** GIVEN DATA follows **
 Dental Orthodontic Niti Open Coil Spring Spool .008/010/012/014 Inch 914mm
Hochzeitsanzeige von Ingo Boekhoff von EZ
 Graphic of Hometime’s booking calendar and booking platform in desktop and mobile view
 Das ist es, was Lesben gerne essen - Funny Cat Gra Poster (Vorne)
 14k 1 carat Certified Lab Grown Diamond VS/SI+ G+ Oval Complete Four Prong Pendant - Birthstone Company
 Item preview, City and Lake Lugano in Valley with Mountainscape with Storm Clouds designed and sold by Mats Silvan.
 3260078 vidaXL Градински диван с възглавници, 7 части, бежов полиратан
** End of GIVEN DATA **
** GIVEN DATA follows **
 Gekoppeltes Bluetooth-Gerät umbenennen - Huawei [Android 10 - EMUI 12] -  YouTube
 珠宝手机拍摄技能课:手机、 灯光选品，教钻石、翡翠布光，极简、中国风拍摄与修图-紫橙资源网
** End of GIVEN DATA **
** GIVEN DATA follows **
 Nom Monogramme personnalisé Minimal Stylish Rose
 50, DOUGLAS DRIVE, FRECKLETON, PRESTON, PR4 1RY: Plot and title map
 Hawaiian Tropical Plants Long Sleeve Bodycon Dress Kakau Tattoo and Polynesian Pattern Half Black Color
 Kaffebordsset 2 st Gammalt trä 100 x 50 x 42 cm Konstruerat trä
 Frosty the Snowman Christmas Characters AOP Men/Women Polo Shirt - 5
** End of GIVEN DATA **
Print exactly the lines above from the one with "Das ist es, was" to the one with "3260078 vidaXL Градински", including both.

**EXERCISE SOLUTION:**
 Das ist es, was Lesben gerne essen - Funny Cat Gra Poster (Vorne)
 14k 1 carat Certified Lab Grown Diamond VS/SI+ G+ Oval Complete Four Prong Pendant - Birthstone Company
 Item preview, City and Lake Lugano in Valley with Mountainscape with Storm Clouds designed and sold by Mats Silvan.
 3260078 vidaXL Градински диван с възглавници, 7 части, бежов полиратан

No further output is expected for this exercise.